*** Data provided Section Begins ***

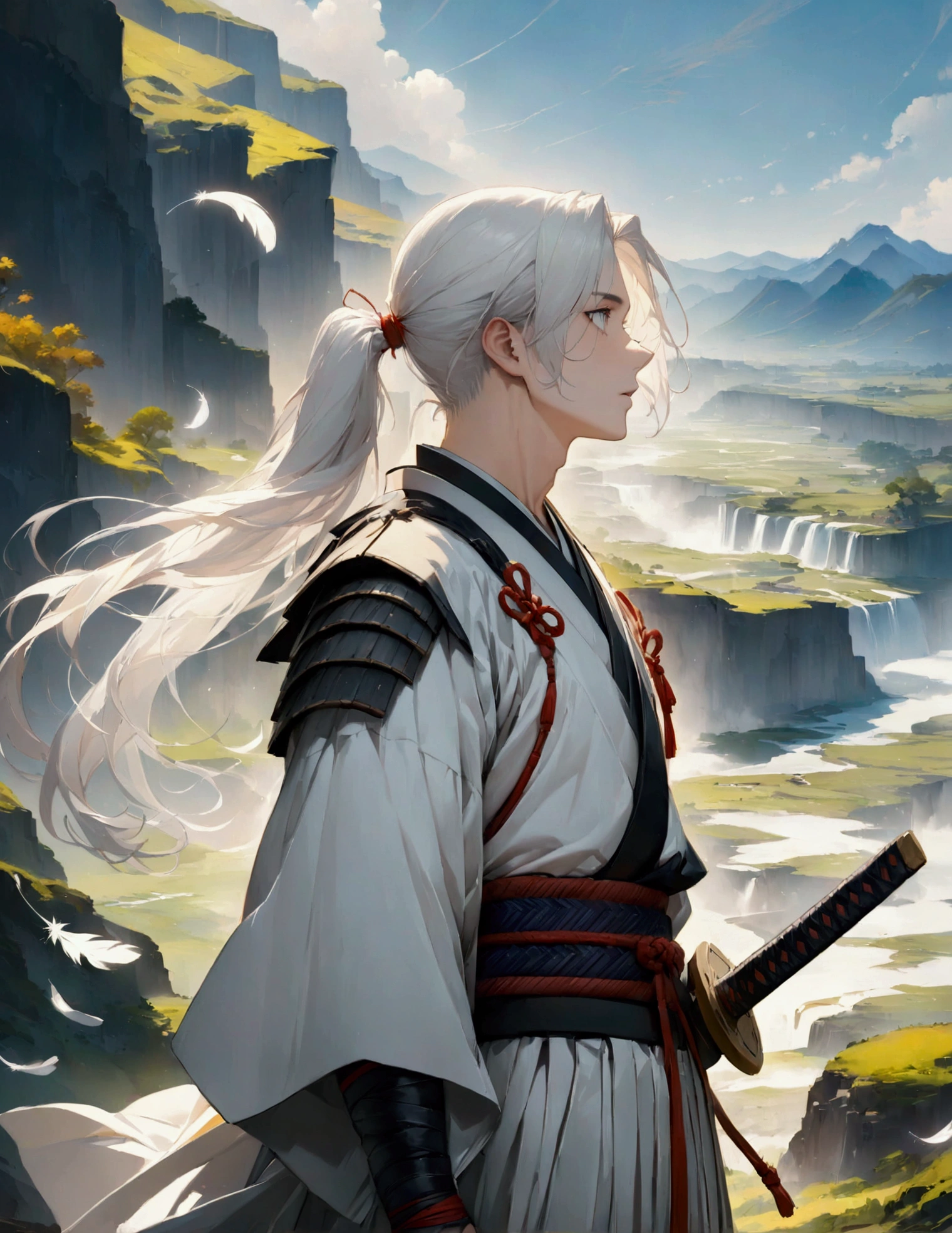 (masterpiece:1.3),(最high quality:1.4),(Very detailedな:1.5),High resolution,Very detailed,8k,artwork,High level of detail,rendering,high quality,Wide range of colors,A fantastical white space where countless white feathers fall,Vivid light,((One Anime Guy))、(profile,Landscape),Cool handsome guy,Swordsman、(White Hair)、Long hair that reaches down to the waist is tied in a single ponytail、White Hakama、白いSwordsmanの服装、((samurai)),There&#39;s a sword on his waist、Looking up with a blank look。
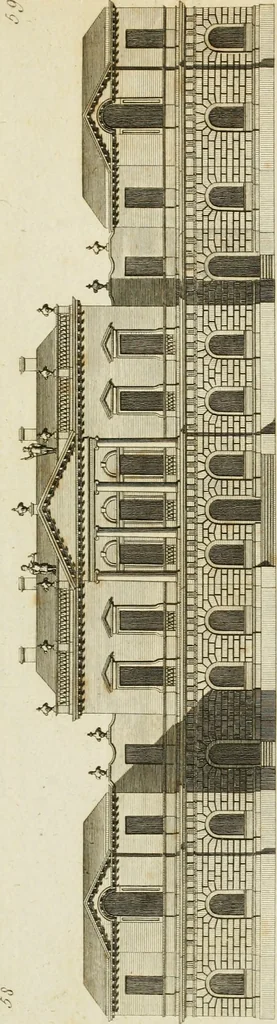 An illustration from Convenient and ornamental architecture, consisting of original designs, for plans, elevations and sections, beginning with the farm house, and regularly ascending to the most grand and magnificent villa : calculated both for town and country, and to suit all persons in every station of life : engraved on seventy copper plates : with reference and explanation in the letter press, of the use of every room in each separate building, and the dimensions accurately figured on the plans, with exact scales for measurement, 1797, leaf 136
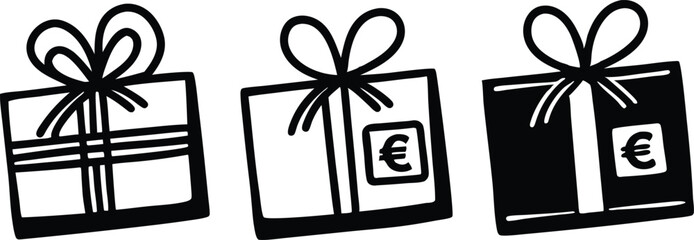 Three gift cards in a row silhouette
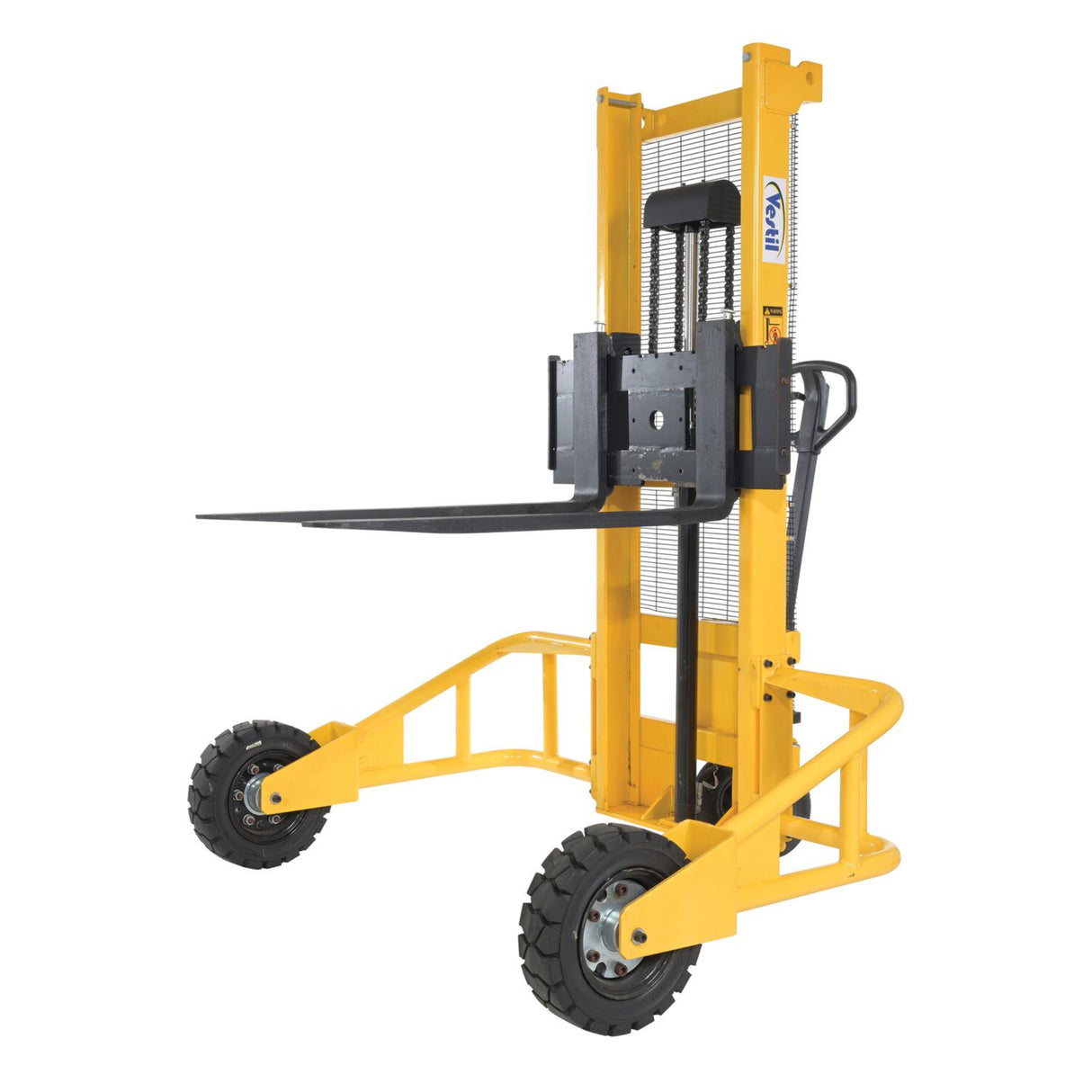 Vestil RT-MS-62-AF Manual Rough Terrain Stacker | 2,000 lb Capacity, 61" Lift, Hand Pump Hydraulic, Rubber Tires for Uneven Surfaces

*** Data provided Section Ends ***

All of the lines above should be retyped precisely, apart from the pictures.

 (masterpiece:1.3),(最high quality:1.4),(Very detailedな:1.5),High resolution,Very detailed,8k,artwork,High level of detail,rendering,high quality,Wide range of colors,A fantastical white space where countless white feathers fall,Vivid light,((One Anime Guy))、(profile,Landscape),Cool handsome guy,Swordsman、(White Hair)、Long hair that reaches down to the waist is tied in a single ponytail、White Hakama、白いSwordsmanの服装、((samurai)),There&#39;s a sword on his waist、Looking up with a blank look。
 An illustration from Convenient and ornamental architecture, consisting of original designs, for plans, elevations and sections, beginning with the farm house, and regularly ascending to the most grand and magnificent villa : calculated both for town and country, and to suit all persons in every station of life : engraved on seventy copper plates : with reference and explanation in the letter press, of the use of every room in each separate building, and the dimensions accurately figured on the plans, with exact scales for measurement, 1797, leaf 136
 Three gift cards in a row silhouette
 Vestil RT-MS-62-AF Manual Rough Terrain Stacker | 2,000 lb Capacity, 61" Lift, Hand Pump Hydraulic, Rubber Tires for Uneven Surfaces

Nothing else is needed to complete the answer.